Experts have commonly theorized that early-stage access to computers and internet can persuade young people to pursue STEM degrees (science, technology, engineering, and math). One software company in Mexico is already putting that theory to the test.
For nearly a decade, Mexico City-based Enova has been playing a pivotal part in developing young people’s interest in technology education, and has been working hard to reduce the digital divide in Mexico by equipping low-income students with computers and access to the internet.
The company’s technologies have been helping children learn everything from mathematics to English grammar across more than 150 learning centers. Tens of thousands of children have already made use of this institute since it was established.

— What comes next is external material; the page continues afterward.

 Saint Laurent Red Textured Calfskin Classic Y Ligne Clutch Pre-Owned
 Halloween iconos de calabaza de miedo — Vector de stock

Closing the digital divide also requires high-quality software to enhance the overall learning experience. Therefore, since 2012, the company has been developing digital libraries, of which there are about 25 available today. Not only do these libraries provide access to knowledge, they also offer apps that communities can use for education, as well as electronic versions of books.
To help children grasp things with greater ease, teachers at these centers use video games that reinforce the primary knowledge children acquire from playing. Through these educational games, students can apply their knowledge in order to gain new skills.
Enova also offers adults the opportunity to pick up skills in the subjects they like and find work online. In fact, anyone can enroll at Enova School and can learn about their chosen topics in their own style.
Enova’s founders say they’ve given thousands of students something this country’s education system has failed to do: full access to the Information Age.